What are the lines of the listing below, word for word, from the first down to the one that contains "Arteck 2.4G Wireless"?

━━━━━━

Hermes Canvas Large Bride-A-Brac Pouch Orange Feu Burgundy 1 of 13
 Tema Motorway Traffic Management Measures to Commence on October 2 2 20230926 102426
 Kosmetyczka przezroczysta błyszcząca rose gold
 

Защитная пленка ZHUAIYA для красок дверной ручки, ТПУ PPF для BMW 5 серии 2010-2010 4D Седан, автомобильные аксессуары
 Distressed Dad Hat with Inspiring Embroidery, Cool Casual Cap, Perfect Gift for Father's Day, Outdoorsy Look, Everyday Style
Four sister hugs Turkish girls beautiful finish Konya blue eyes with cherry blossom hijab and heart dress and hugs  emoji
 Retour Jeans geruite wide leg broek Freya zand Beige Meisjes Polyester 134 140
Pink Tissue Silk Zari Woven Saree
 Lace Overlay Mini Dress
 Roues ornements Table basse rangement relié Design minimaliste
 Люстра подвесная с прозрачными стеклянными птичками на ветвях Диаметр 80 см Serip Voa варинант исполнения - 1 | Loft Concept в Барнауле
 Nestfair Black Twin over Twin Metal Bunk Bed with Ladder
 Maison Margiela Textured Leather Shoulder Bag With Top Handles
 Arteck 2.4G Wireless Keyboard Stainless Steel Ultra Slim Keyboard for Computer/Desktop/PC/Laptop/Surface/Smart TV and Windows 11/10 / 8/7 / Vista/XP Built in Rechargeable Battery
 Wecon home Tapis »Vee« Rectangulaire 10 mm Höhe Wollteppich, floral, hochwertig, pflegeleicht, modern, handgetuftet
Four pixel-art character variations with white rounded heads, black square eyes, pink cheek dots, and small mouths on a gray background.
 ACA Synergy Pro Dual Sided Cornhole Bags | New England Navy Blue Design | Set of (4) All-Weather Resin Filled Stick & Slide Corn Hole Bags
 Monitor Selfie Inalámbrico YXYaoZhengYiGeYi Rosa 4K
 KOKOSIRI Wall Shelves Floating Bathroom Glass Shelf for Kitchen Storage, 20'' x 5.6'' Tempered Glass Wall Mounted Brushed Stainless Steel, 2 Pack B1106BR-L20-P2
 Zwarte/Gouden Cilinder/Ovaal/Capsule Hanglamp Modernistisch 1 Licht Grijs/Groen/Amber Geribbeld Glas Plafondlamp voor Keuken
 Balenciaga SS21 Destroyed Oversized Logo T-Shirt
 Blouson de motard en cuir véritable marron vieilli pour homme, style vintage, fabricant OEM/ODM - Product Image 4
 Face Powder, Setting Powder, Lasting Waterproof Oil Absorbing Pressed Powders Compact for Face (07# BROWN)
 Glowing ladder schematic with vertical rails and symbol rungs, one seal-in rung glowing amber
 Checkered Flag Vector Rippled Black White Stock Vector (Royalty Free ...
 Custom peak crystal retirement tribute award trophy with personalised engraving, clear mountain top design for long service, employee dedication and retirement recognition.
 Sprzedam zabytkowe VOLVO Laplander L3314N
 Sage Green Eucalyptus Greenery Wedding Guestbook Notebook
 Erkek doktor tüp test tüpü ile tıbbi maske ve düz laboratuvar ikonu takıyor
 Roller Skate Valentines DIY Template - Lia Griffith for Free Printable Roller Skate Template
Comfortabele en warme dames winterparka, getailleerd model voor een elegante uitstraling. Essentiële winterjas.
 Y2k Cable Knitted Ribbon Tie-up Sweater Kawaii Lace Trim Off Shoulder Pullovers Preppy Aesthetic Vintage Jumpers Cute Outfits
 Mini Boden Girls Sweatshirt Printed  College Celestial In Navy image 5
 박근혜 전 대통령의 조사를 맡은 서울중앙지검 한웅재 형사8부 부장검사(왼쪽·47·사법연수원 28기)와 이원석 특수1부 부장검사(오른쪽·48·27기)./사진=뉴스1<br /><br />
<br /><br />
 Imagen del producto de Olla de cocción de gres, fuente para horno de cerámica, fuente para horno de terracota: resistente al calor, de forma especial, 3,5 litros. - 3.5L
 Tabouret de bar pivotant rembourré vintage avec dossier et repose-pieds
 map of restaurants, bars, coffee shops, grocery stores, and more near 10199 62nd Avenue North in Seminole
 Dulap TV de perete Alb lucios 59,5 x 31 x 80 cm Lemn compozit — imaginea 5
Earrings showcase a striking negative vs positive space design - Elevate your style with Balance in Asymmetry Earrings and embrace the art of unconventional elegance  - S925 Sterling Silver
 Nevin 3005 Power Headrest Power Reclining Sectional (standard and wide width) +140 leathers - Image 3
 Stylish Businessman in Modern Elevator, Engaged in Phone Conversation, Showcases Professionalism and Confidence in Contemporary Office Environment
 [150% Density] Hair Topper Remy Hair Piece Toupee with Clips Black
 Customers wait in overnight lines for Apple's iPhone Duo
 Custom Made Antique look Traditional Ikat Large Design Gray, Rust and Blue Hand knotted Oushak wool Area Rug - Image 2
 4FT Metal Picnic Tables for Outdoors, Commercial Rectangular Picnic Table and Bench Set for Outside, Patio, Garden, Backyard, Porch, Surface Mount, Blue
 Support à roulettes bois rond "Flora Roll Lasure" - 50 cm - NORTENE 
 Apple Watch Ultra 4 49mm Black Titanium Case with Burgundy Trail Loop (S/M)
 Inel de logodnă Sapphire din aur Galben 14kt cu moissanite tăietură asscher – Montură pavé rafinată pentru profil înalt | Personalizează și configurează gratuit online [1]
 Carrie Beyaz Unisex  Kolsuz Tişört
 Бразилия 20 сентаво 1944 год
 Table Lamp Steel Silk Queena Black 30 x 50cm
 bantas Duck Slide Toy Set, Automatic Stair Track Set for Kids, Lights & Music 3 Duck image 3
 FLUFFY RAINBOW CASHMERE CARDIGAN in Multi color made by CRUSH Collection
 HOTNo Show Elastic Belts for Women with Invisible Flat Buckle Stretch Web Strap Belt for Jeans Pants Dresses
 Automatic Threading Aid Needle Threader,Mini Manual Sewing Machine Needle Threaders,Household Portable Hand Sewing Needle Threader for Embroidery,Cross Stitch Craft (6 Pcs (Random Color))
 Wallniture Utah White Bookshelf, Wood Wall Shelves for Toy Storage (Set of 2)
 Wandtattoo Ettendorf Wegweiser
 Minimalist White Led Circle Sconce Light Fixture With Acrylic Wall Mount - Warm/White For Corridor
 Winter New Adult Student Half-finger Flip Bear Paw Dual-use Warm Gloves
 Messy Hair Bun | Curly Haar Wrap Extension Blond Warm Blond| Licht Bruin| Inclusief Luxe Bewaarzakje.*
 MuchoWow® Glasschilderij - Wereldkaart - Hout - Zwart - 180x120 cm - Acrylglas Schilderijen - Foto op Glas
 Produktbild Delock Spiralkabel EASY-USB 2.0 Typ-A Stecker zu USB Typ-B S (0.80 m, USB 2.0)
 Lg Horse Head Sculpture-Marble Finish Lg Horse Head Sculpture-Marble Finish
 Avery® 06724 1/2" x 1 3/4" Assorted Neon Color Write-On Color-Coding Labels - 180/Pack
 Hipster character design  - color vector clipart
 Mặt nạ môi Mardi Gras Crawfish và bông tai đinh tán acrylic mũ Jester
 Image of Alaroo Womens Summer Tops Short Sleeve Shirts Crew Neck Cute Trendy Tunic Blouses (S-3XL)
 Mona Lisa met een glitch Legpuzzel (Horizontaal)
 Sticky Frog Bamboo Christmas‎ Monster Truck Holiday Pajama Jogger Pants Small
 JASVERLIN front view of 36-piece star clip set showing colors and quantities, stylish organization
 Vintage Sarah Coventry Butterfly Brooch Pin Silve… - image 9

━━━━━━

■ **EXERCISE ANSWER**
Hermes Canvas Large Bride-A-Brac Pouch Orange Feu Burgundy 1 of 13
 Tema Motorway Traffic Management Measures to Commence on October 2 2 20230926 102426
 Kosmetyczka przezroczysta błyszcząca rose gold
 

Защитная пленка ZHUAIYA для красок дверной ручки, ТПУ PPF для BMW 5 серии 2010-2010 4D Седан, автомобильные аксессуары
 Distressed Dad Hat with Inspiring Embroidery, Cool Casual Cap, Perfect Gift for Father's Day, Outdoorsy Look, Everyday Style
Four sister hugs Turkish girls beautiful finish Konya blue eyes with cherry blossom hijab and heart dress and hugs  emoji
 Retour Jeans geruite wide leg broek Freya zand Beige Meisjes Polyester 134 140
Pink Tissue Silk Zari Woven Saree
 Lace Overlay Mini Dress
 Roues ornements Table basse rangement relié Design minimaliste
 Люстра подвесная с прозрачными стеклянными птичками на ветвях Диаметр 80 см Serip Voa варинант исполнения - 1 | Loft Concept в Барнауле
 Nestfair Black Twin over Twin Metal Bunk Bed with Ladder
 Maison Margiela Textured Leather Shoulder Bag With Top Handles
 Arteck 2.4G Wireless Keyboard Stainless Steel Ultra Slim Keyboard for Computer/Desktop/PC/Laptop/Surface/Smart TV and Windows 11/10 / 8/7 / Vista/XP Built in Rechargeable Battery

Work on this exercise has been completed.